De Ecbasis cuiusdam captivi per tropologiam - De ontsnapping van een gevangene, in figuurlijke zin -, een ongehoord werk aldus de dichter, vertelt het verhaal van een kalf dat op de vooravond van Pasen uit zijn stal ontsnapt en verdwaalt in het bos. De tekst, die bol staat van zowel serieuze als ironische citaten en allusies, laat zich lezen als het tegelijk allegorische en autobiografische werk van een monnik die, gevangen in luiheid, zijn slechte gewoontes van zich af schrijft in een fictioneel gedicht. Zoals zijn geliefde Horatius het in de veelvuldig geciteerde Ars poetica voorschreef, verenigde hij in zijn dichtwerk voor literaire fijnproevers het nuttige (bezigheidstherapie en een stichtelijk verhaal tegen de achtergrond van Pasen) met het aangename (vermaak voor zijn medebroeders ter gelegenheid van het Paasfeest en het vreugdevolle einde van de vasten) in een unieke mengelmoes van autobiografie, fabel, satire en paasverhaal.
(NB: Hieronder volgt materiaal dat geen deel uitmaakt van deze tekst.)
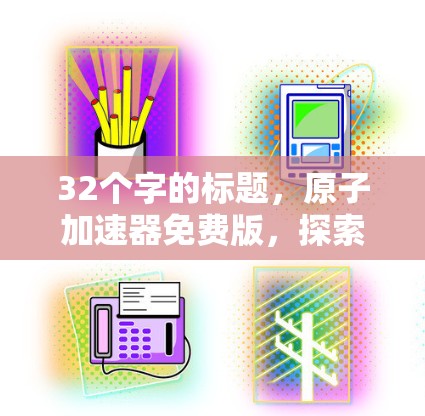 32个字的标题，原子加速器免费版，探索高能物理的新方式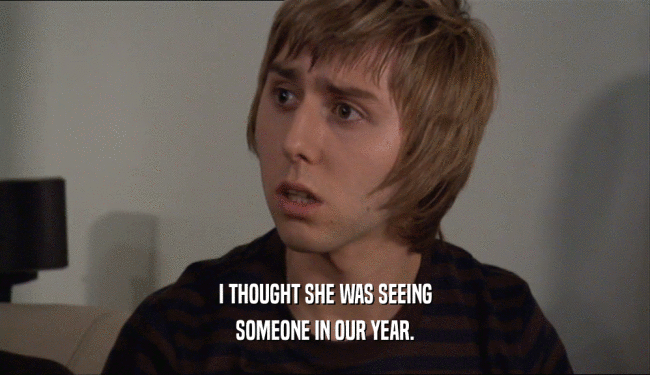 I THOUGHT SHE WAS SEEING SOMEONE IN OUR YEAR. 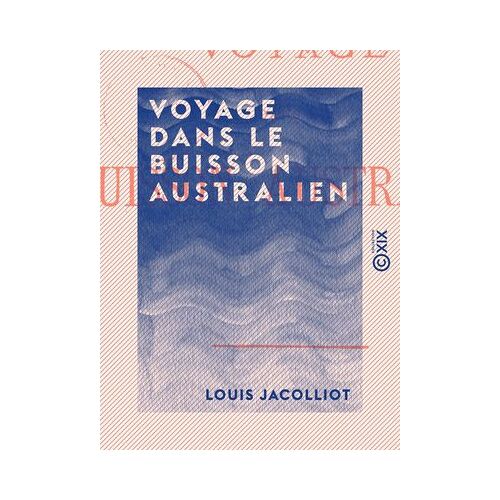 Voyage Dans Le Buisson Australien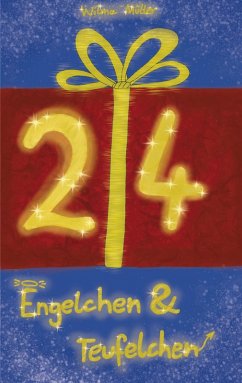24 Engelchen und Teufelchen 24 Engelchen und Teufelchen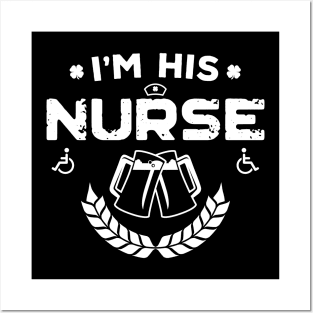 I'm His Nurse Funny St Patricks Day Posters and Art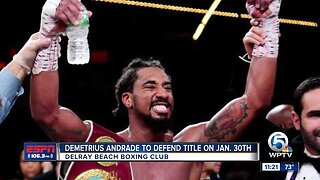 Demetrius Andrade prepares to defend title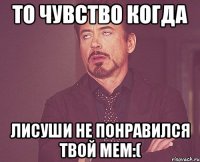 То чувство когда Лисуши не понравился твой мем:(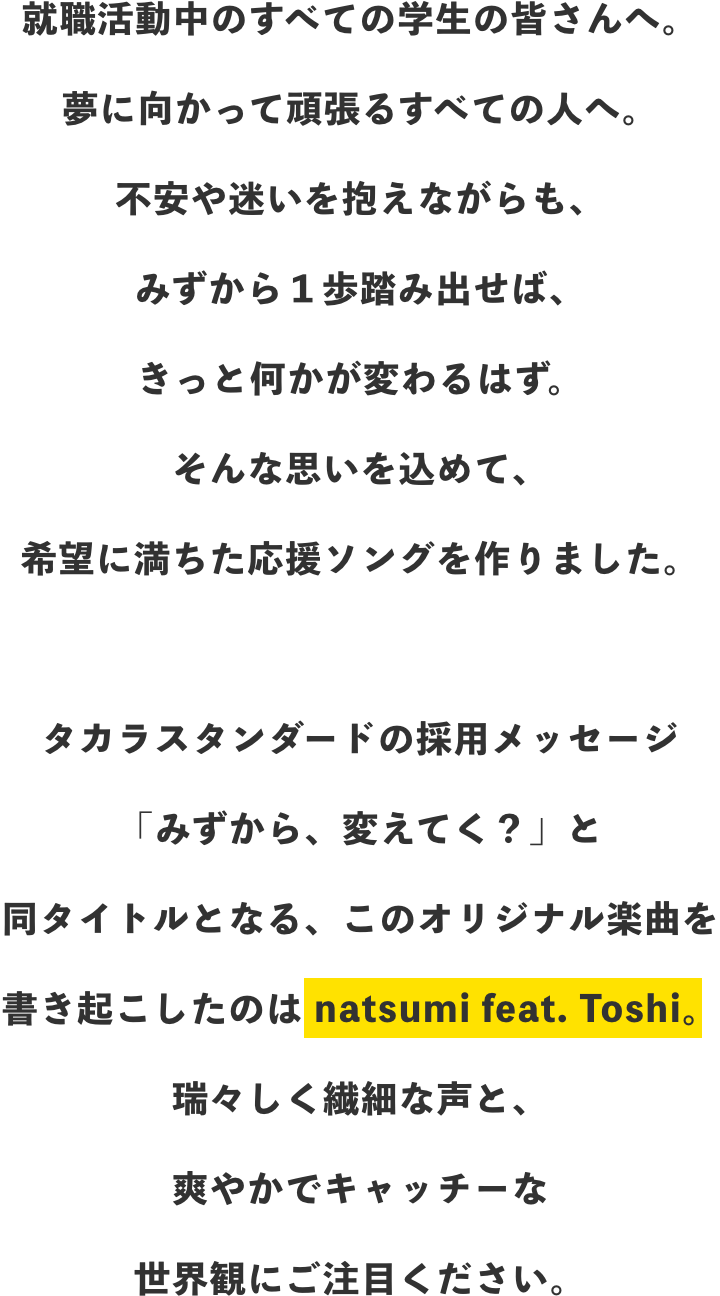 就職活動中の全ての学生の皆さんへ。夢に向かって頑張るすべての人へ。不安や迷いを抱えながらも、みずから1歩踏み出せば、きっと何かが変わるはず。そんな思いを込めて、希望に満ちた応援ソングを作りました。タカラスタンダードの採用メッセージ「みずから、変えてく?」と同タイトルとなる、このオリジナル楽曲を書き起こしたのは natsumi feat. Toshi。瑞々しく繊細な声と、爽やかでキャッチーな世界観にご注目ください。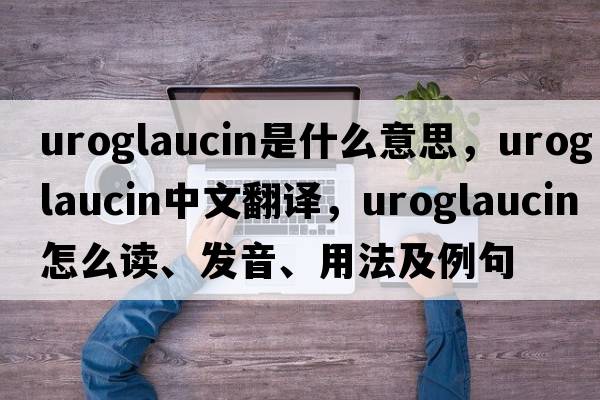 uroglaucin是什么意思，uroglaucin中文翻譯，uroglaucin怎么讀、發(fā)音、用法及例句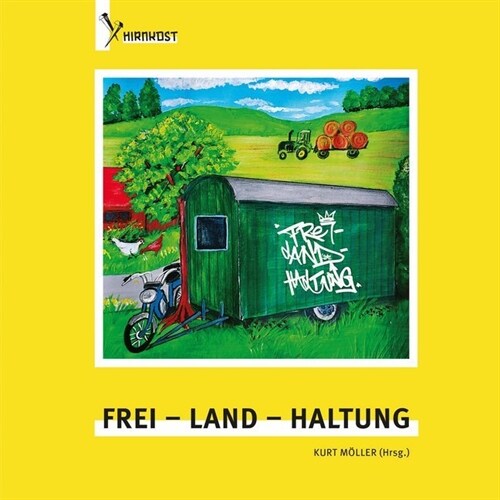 Frei - Land - Haltung (Hardcover)
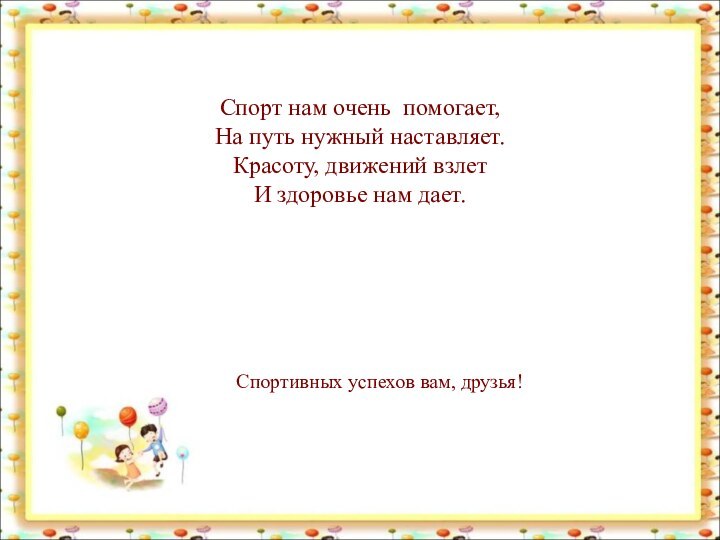 Спорт нам очень помогает, На путь нужный наставляет. Красоту, движений взлет И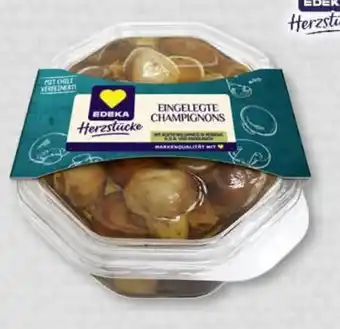 Edeka Edeka Herzstücke Eingelegte Champignons Angebot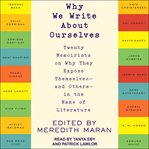 Why we write about ourselves. Twenty Memoirists on Why They Expose Themselves (and Others) in the Name of Literature cover image cdn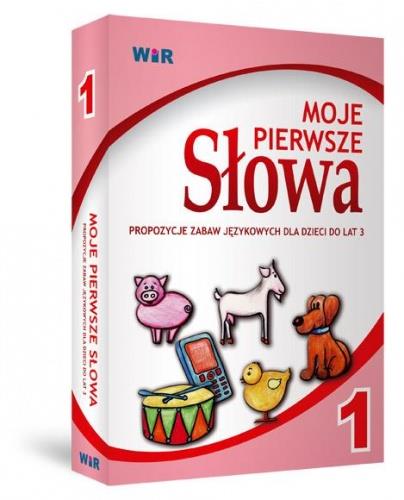 MOJE PIERWSZE SŁOWA. PROPOZYCJE ZABAW JĘZYKOWYCH D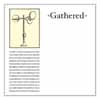 Gathered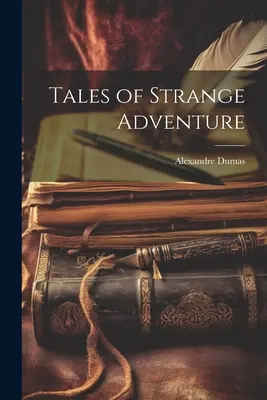 Opowieści o dziwnych przygodach - Tales of Strange Adventure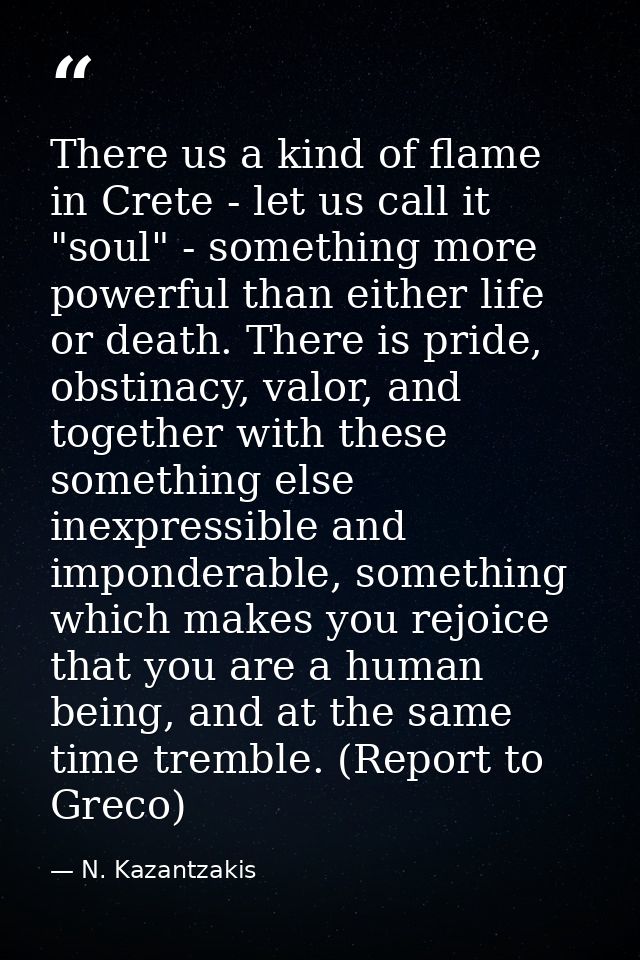 There us a kind of flame in Crete - let us call it "soul" - something more powerful than either life or death. There is  — N. Kazantzakis
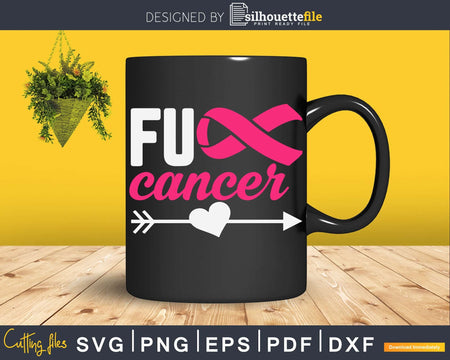 Fuck Cancer Survivor Breast Awareness svg png digital cut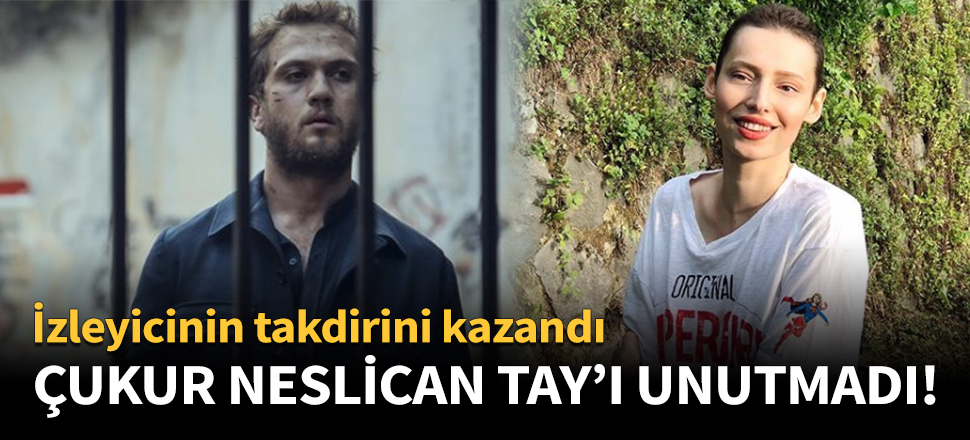 Çukur Neslican Tay'ı unutmadı!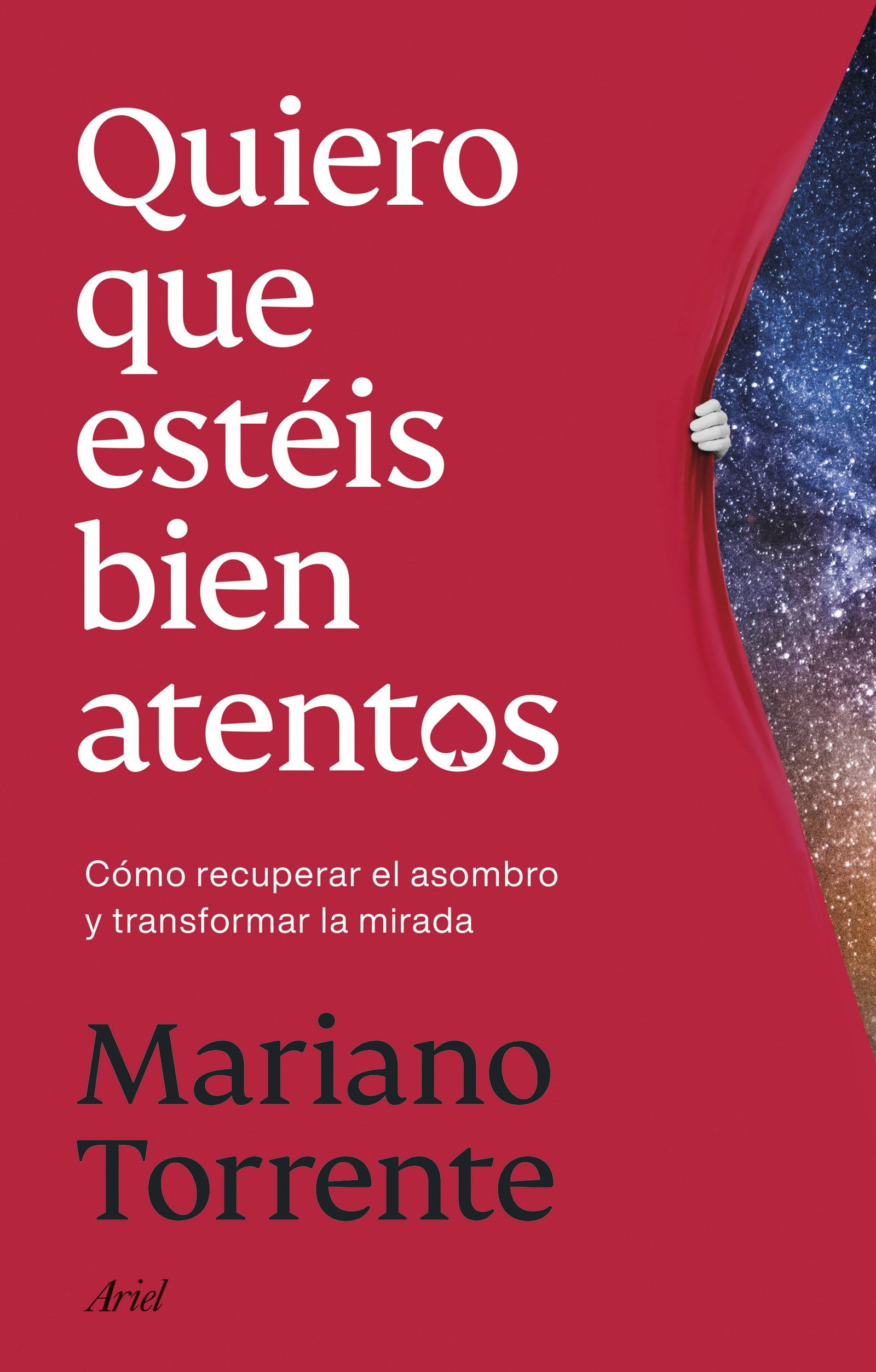 Quiero que estéis bien atentos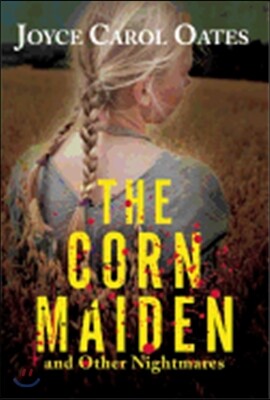 The Corn Maiden: And Other Nightmares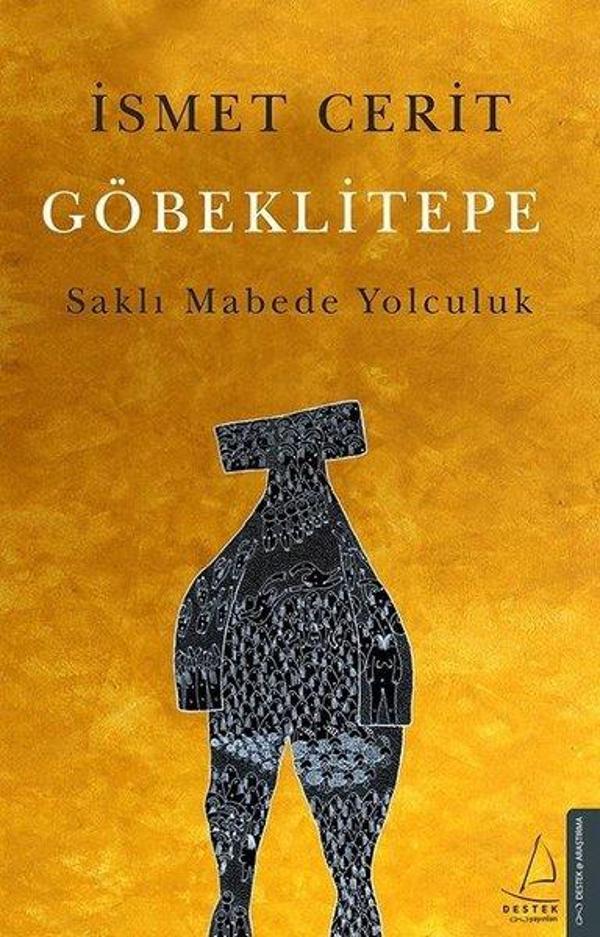Göbeklitepe: Saklı Mabede Yolculuk - Destek Yayınları - Image 1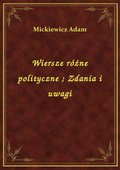 Wiersze różne polityczne. Zdania i uwagi - ebook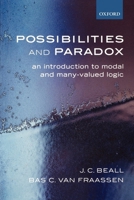 Possibilities and Paradox: An Introduction to Modal and Many-Valued Logic 0199259879 Book Cover
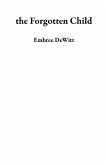 the Forgotten Child (eBook, ePUB)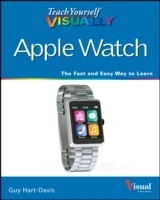 Teach Yourself VISUALLY Apple Watch; Guy Hart-Davis; 2015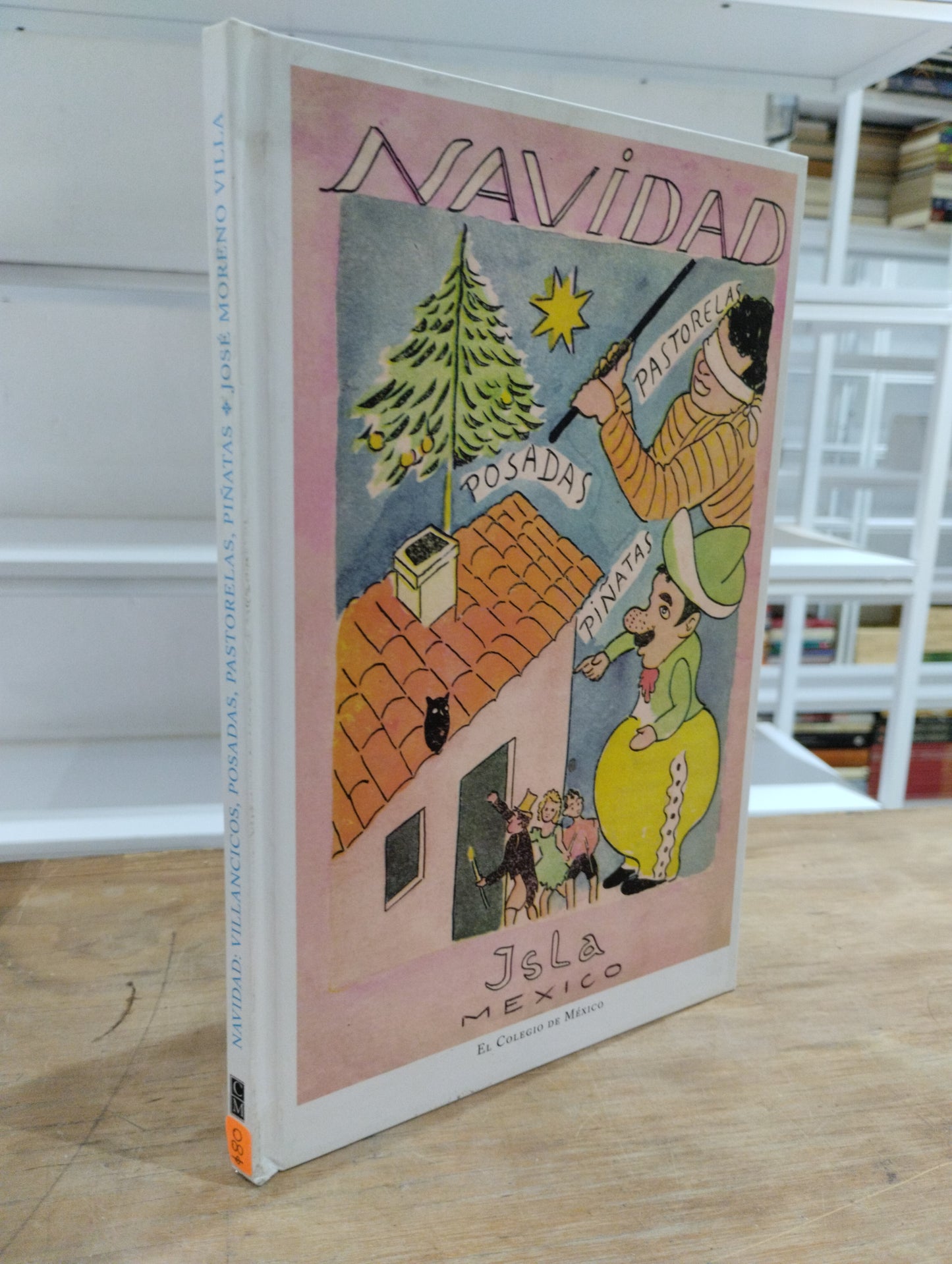 NAVIDAD VILLANCICOS POSADAS PASTORELAS PIÑATAS POR JOSE MORENO VILLA USADO POESIA JUAREZ 515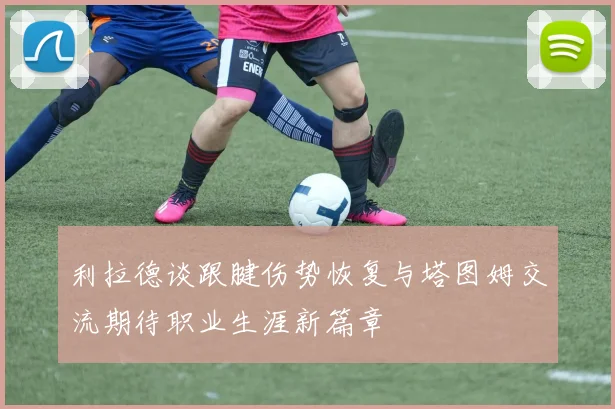 利拉德谈跟腱伤势恢复与塔图姆交流期待职业生涯新篇章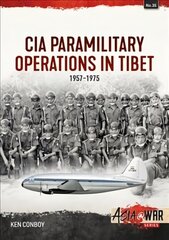 CIA Operations in Tibet, 1957-1974: 1957-1974 cena un informācija | Vēstures grāmatas | 220.lv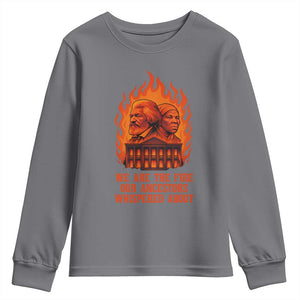 Harriet Tubman and Frederick Douglass Youth Sweatshirt We Are the Fire Our Ancestors Whispered About Juneteenth 1865 TS02 Charcoal Print Your Wear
Aan het eind van de twaalfde eeuw, in Engeland, schreef Nigel van Canterbury zijn Speculum stultorum (Spiegel voor dwazen), een omvangrijke satire in de vorm van een dierengedicht vol maatschappijkritiek: de paus, koningen, bisschoppen, monniken, nonnen, kooplieden, studenten, boeren – alle standen, van hoog tot laag, krijgen er van langs. De anti-held van dit verhaal is een domme ezel die van het ene ongeluk naar het andere blundert, mislukkingen en gefnuikte ambities aan elkaar rijgt en uiteindelijk dezelfde dwaas is die hij altijd al was, maar deze harde les moet bekopen met het verlies van zijn staart en oren.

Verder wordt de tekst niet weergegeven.